Students will be skilled at …

  • Locating Wampanoag, Pilgrim, and Puritan settlements on a Massachusetts map.
  • Identifying geographical features as the pertained to the settlements of the Native American and European settlers to determine the reasons for their choices.
  • Comparing and contrasting the differences in seasonal activities and daily responsibilities of the Wampanoag people
  • Analyzing various European settlers’ impact and point of view of the Wampanoag.
  • Applying in writing and discussion key vocabulary about Wampanoag, Pilgrim and Puritan life.
  • Creating a timeline of a series of events and explaining the connections among the events.
  • Comparing similarities and differences in early MA communities (Wampanoag, Pilgrims, Puritans).
  • Writing from the point of view of a Wampanoag or European settler.
  • Reading across two or more texts including informational text and primary source documents to determine main ideas and details.
  • Synthesizing information from multiple sources.
Stage 2- Assessment Evidence
Performance Tasks:
Write a magazine article that compares and contrast a child’s life today with a child’s life (choose 1: Wampanoag, Pilgrim or Puritan). Plan your article using a graphic organizer to outline your research.

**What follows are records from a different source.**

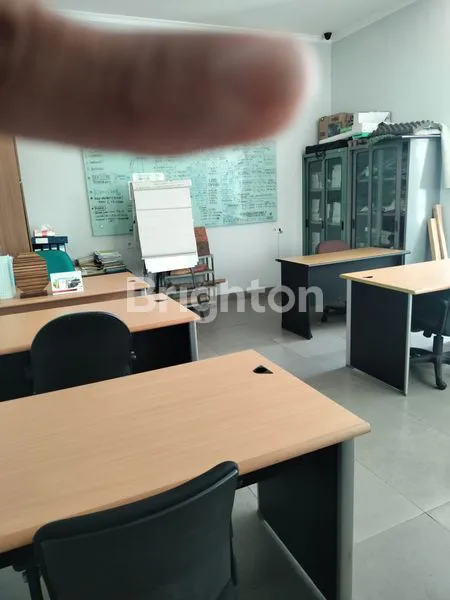 image RUMAH 4 LANTAI 5 KAMAR TIDUR DI KELAPA NIAS KELAPA GADING SEMI FURNISH (4)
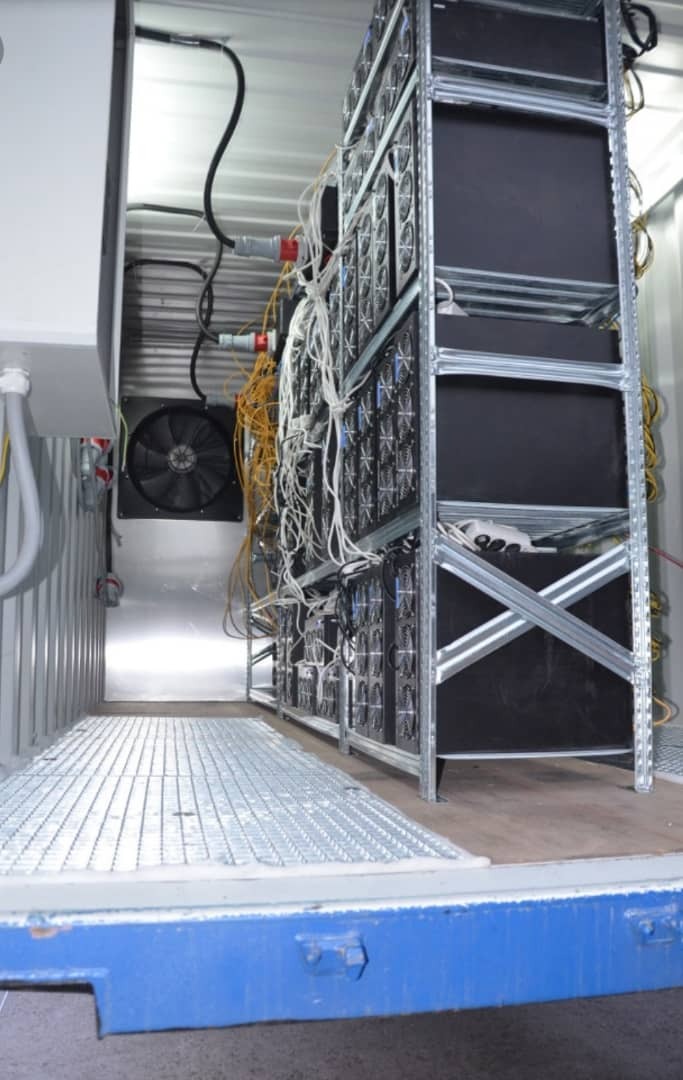 تصویر  کانتینر ماینینگ بیتکوین فارم سیار کانکس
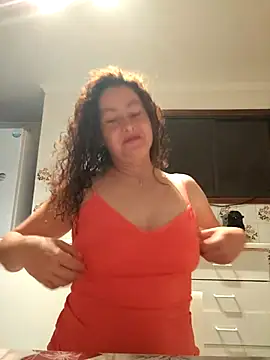 Snapshot of RamyLove36 chatting on September 27, 2025, 5:41 pm RamyLove36 online show from September 27, 2025, 5:41 pm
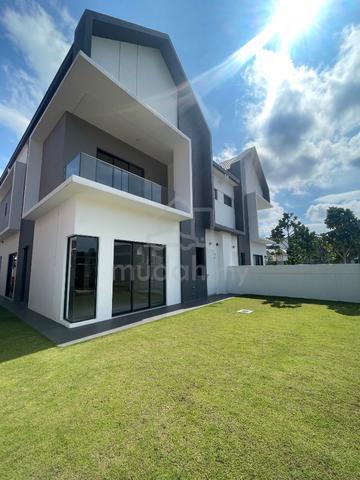 freehold,semi d double storey,0%,facing golf view 1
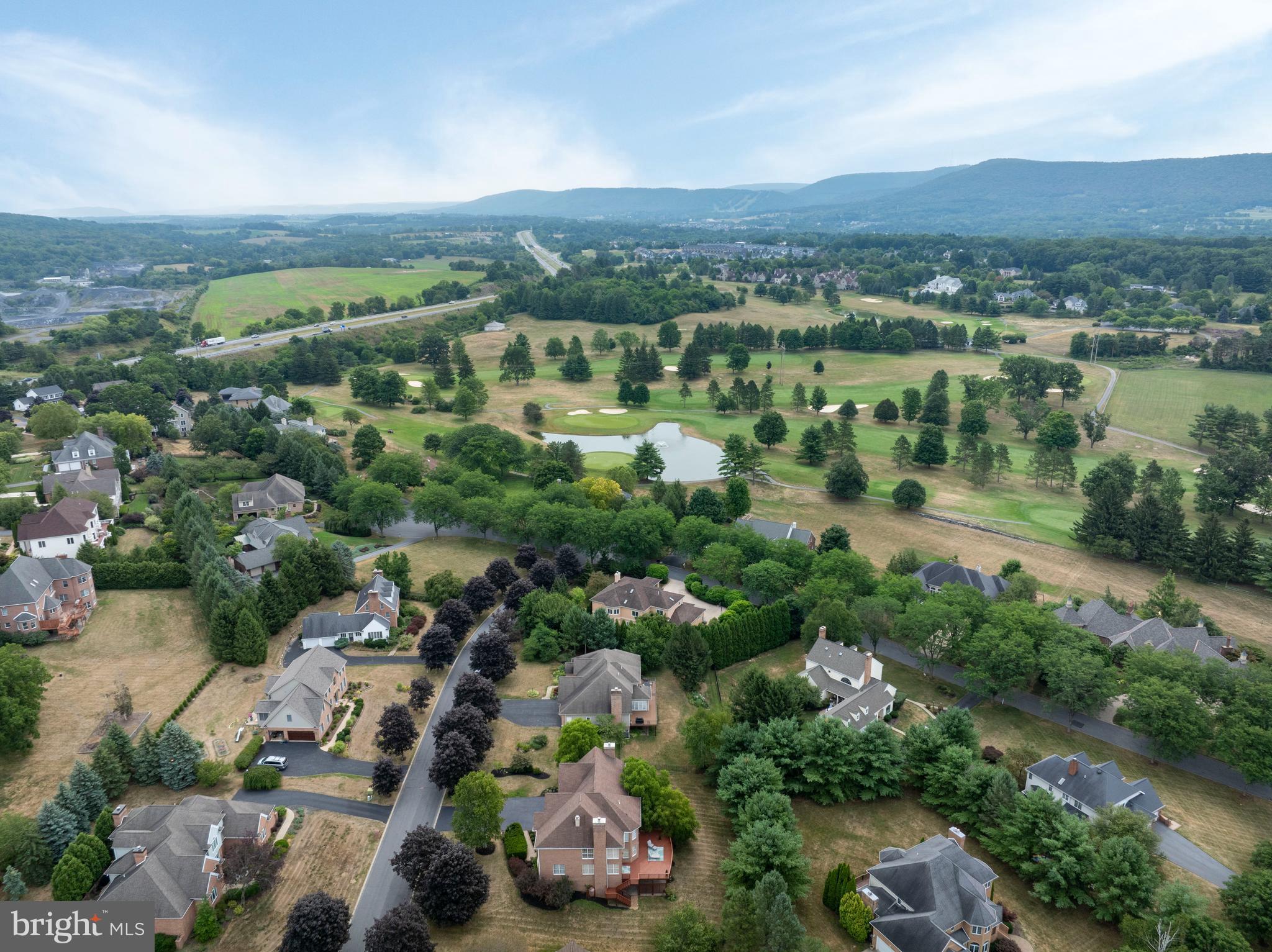 CENTRE HILLS - Residential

Write a letter from the point of a European settler (a Pilgrim or Puritan) to your family back home. Use the information from the texts you have read about the settlers. Include details of the journey and details of your daily life.

Formative: Informal checks for understanding, observations, dialogue, and examination of student work will serve as a formative assessment to guide student learning.

Summative: The performance task will serve as a summative assessment of student learning.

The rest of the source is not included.